Die Gesetze von Liebe und Logik – Debra Curtis, Ullstein 2026

Debra Curtis verhandelt Liebe und Schuldgefühle und was die Zeit dazu beiträgt in ihrem tollen Debütroman

Verlag

Die Gesetze von Liebe und Logik ist – der Titel lässt es bereits erahnen – eine Liebesgeschichte. Die eigentliche Handlung ist schnell erzählt: Ein Mädchen trifft einen Jungen, beide verlieben sich, ein Schicksalsschlag trennt sie, ihre Leben verlaufen in unterschiedliche Richtungen, vergessen können sie sich jedoch nie. Doch unter dieser vermeintlich vertrauten Liebesgeschichte verbirgt sich ein Roman über Schuld, Verlust, Glauben und die Frage, ob sich die Vergangenheit jemals wirklich hinter sich lassen lässt.

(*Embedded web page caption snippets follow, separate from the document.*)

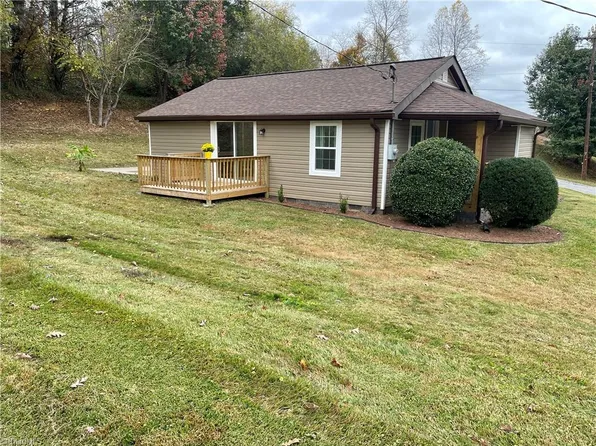 400 College St, Wilkesboro, NC 28697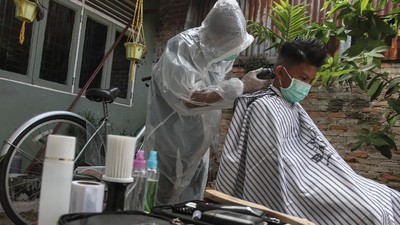Terima Jasa Panggilan, Tukang Cukur di Riau Pakai APD Lho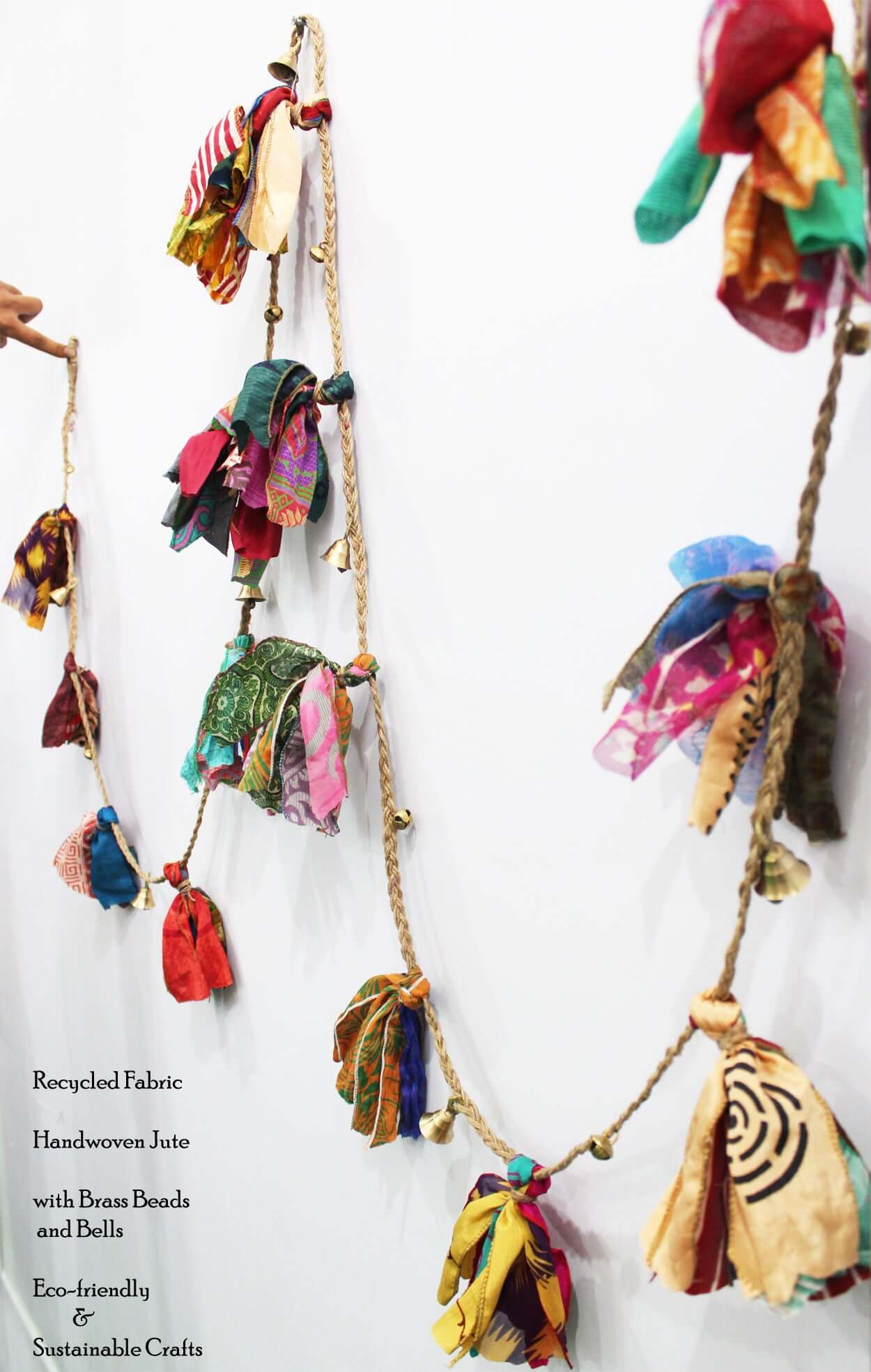 Decorate your space with our 3m handmade garland, featuring eco-friendly materials and vibrant beads for the perfect Bohemian holiday touch.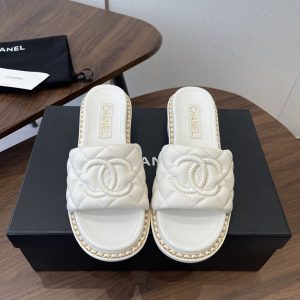 シャネル サンダル 定価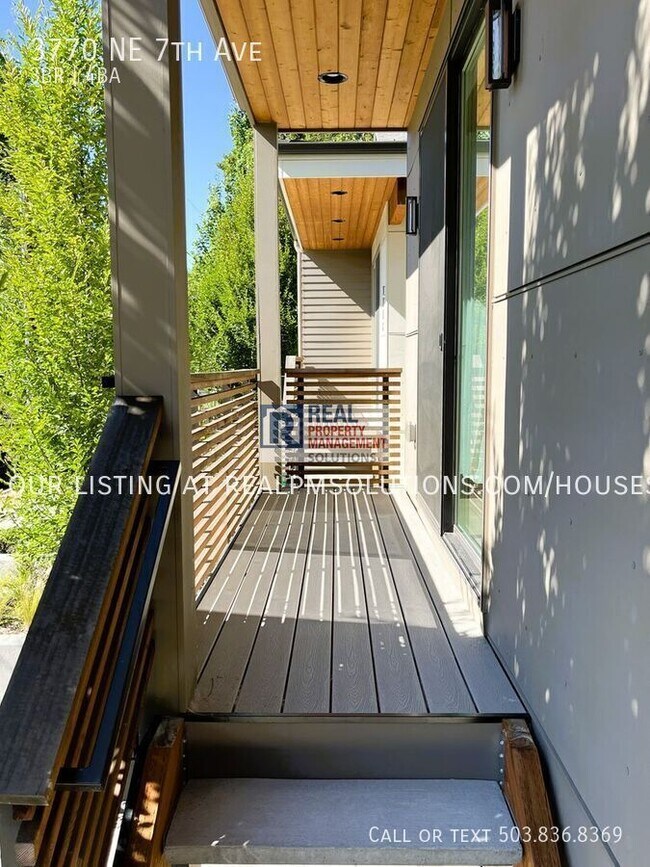 Building Photo - 3770 NE 7th Ave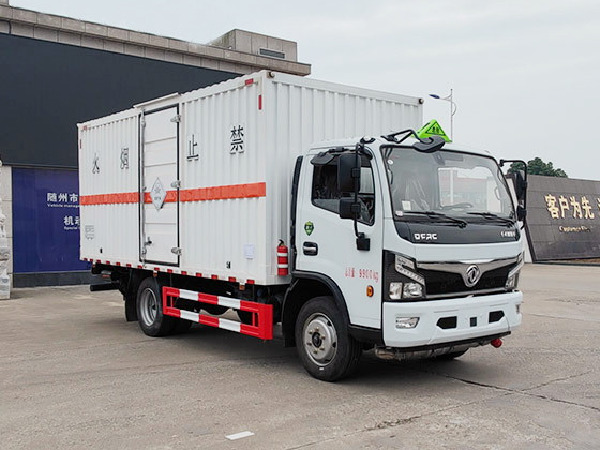 東風(fēng)福瑞卡毒性氣體廂式運(yùn)輸車(chē)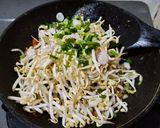 Foto langkah ke 4 dari resep Saute Taoge Rebon.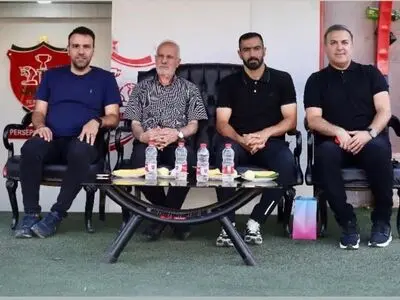 محسن ربیع‌خواه تماشاگر ویژه بازی نوجوانان پرسپولیس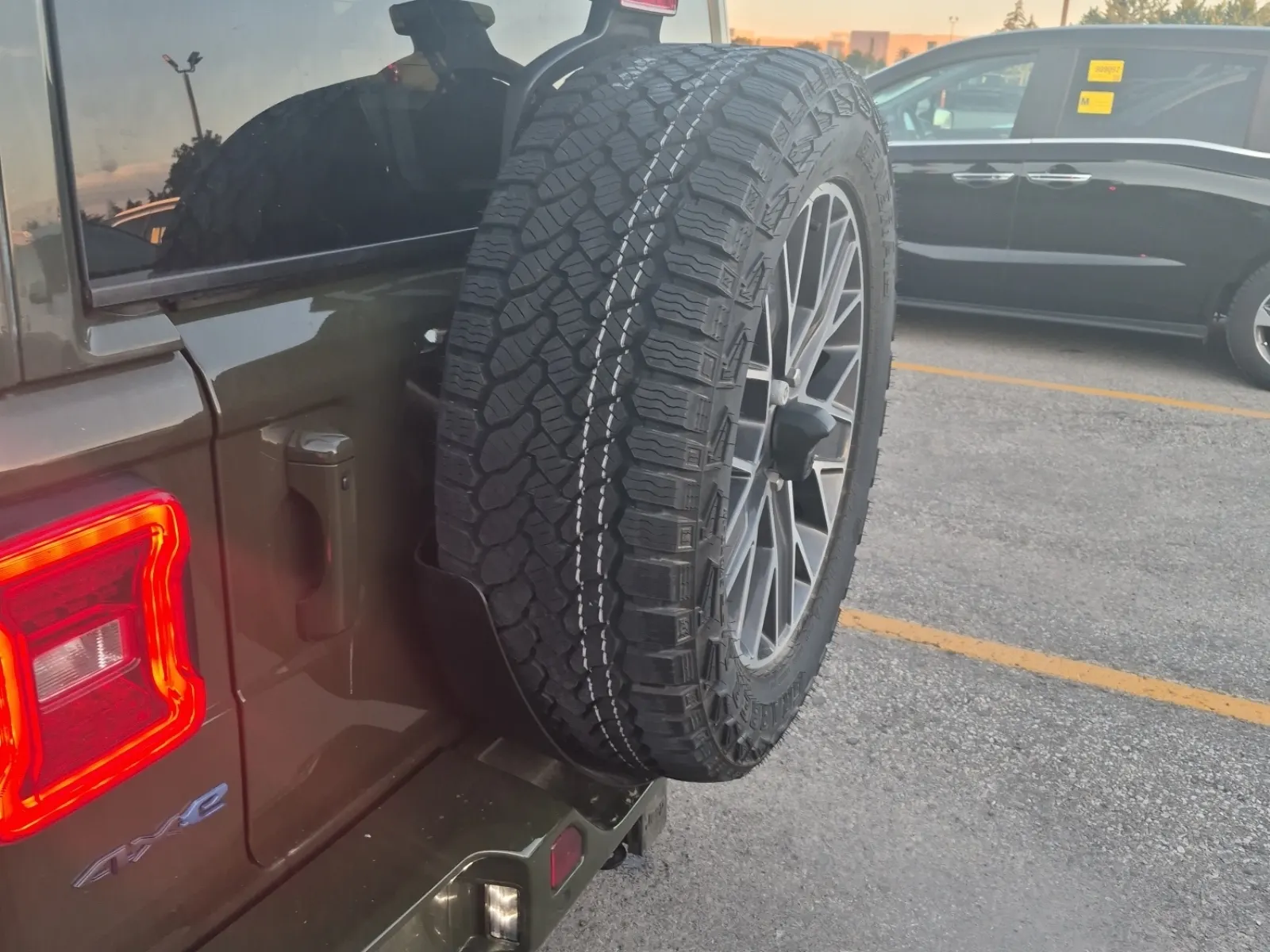 Spare Tire & Wheel Photo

Lily Webb wächst mit ihrer großen Schwester, einem Vater aus der Arbeiterklasse und einer intellektuellen Mutter auf, die die feministischen Werte ihrer Töchter stärkt. Lily wendet sich zusätzlich dem Glauben zu und sucht in schwierigen Zeiten Rat bei dem Pater des kleinen Dorfs in Neuengland. Oder bei ihrer Schwester, die sich zunehmend Alkohol, Drogen und wechselnden Liebesbeziehungen mit Frauen hingibt. Bis die Mutter (zu) früh stirbt und ein erstes Loch in Lilys Leben reißt. Zu dieser Zeit lernt sie „den Jungen“ kennen – der auch im weiteren Verlauf der Geschichte, die sich über fast fünfzig Jahre spannt, keinen Namen bekommt.

Gleich mehrere Fragen des Lebens behandelt der Debütroman von Debra Curtis. Da wären zunächst die Gegensätze zwischen Glauben und Wissenschaft, denn Lily interessiert sich für Naturkunde. In ihrem Leben erfährt Lily viel Liebe, aber auch immer wieder Verluste, die sie schwer treffen. An einer Stelle im Roman stellt Lily sich die Frage, wie die Zukunft Auswirkungen auf die Vergangenheit haben kann. Und die alte Frage nach Schuld und Sühne wird behandelt. Im Grunde lässt sich Die Gesetze von Liebe und Logik als Coming-Of-Age-Roman lesen. Ein Coming-Of-Age für erwachsene Menschen, die sich sehr lange mit einer Bürde, mit Scham oder Schuldgefühlen in ihrem Leben herumgeplagt haben. Menschen, die fest daran glauben, durch ihr Handeln Unglück über andere zu bringen, aber ausblenden, dass diese Anderen eben auch einen freien Willen haben und für ihr Handeln selbst verantwortlich sind. Und dann stellen diese Menschen plötzlich fest, es ist nicht alles verloren. Im Gegenteil, es geht immer weiter.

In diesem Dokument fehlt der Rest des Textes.